I am using celery 4.3.0. Below is the full trace back when trying to start the container.

celery_beat_1  | celery beat v4.3.0 (rhubarb) is starting.
celery_beat_1  | __    -    ... __   -        _
celery_beat_1  | LocalTime -> 2020-05-24 19:44:38
celery_beat_1  | Configuration ->
celery_beat_1  |     . broker -> redis://:**@redis:6379/0
celery_beat_1  |     . loader -> celery.loaders.app.AppLoader
celery_beat_1  |     . scheduler -> celery.beat.PersistentScheduler
celery_beat_1  |     . db -> celerybeat-schedule
celery_beat_1  |     . logfile -> [stderr]@%INFO
celery_beat_1  |     . maxinterval -> 5.00 minutes (300s)

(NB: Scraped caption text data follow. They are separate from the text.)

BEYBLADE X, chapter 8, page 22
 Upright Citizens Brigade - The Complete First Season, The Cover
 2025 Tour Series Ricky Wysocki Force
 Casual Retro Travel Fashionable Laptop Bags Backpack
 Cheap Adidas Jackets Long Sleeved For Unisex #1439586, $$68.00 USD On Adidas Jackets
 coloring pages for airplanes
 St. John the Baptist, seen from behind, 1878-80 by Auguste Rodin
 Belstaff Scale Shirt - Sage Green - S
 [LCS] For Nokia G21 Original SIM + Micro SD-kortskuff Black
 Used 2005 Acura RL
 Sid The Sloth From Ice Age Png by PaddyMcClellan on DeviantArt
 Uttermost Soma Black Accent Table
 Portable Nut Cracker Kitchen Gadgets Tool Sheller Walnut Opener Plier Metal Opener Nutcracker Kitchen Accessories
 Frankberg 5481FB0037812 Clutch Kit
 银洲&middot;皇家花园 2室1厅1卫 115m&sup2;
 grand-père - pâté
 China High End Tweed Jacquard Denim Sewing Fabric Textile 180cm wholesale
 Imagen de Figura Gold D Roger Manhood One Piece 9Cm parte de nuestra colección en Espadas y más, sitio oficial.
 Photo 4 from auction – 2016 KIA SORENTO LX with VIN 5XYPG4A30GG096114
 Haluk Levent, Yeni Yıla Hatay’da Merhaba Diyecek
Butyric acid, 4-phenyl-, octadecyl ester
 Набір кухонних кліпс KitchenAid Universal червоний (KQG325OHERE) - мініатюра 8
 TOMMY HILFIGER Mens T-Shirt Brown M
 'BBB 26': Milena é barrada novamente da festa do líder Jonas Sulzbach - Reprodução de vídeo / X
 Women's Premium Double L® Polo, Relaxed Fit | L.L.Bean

celery_beat_1  | [2020-05-24 19:44:38,622: INFO/MainProcess] beat: Starting...
celery_beat_1  | [2020-05-24 19:44:38,696: ERROR/MainProcess] Removing corrupted schedule file 'celerybeat-schedule': error(22, 'Invalid argument')
celery_beat_1  | Traceback (most recent call last):
celery_beat_1  |   File "/usr/local/lib/python3.7/site-packages/kombu/utils/objects.py", line 42, in __get__
celery_beat_1  |     return obj.__dict__[self.__name__]
celery_beat_1  | KeyError: 'scheduler'
celery_beat_1  |
celery_beat_1  | During handling of the above exception, another exception occurred:
celery_beat_1  |
celery_beat_1  | Traceback (most recent call last):
celery_beat_1  |   File "/usr/local/lib/python3.7/site-packages/celery/beat.py", line 485, in setup_schedule
celery_beat_1  |     self._store = self._open_schedule()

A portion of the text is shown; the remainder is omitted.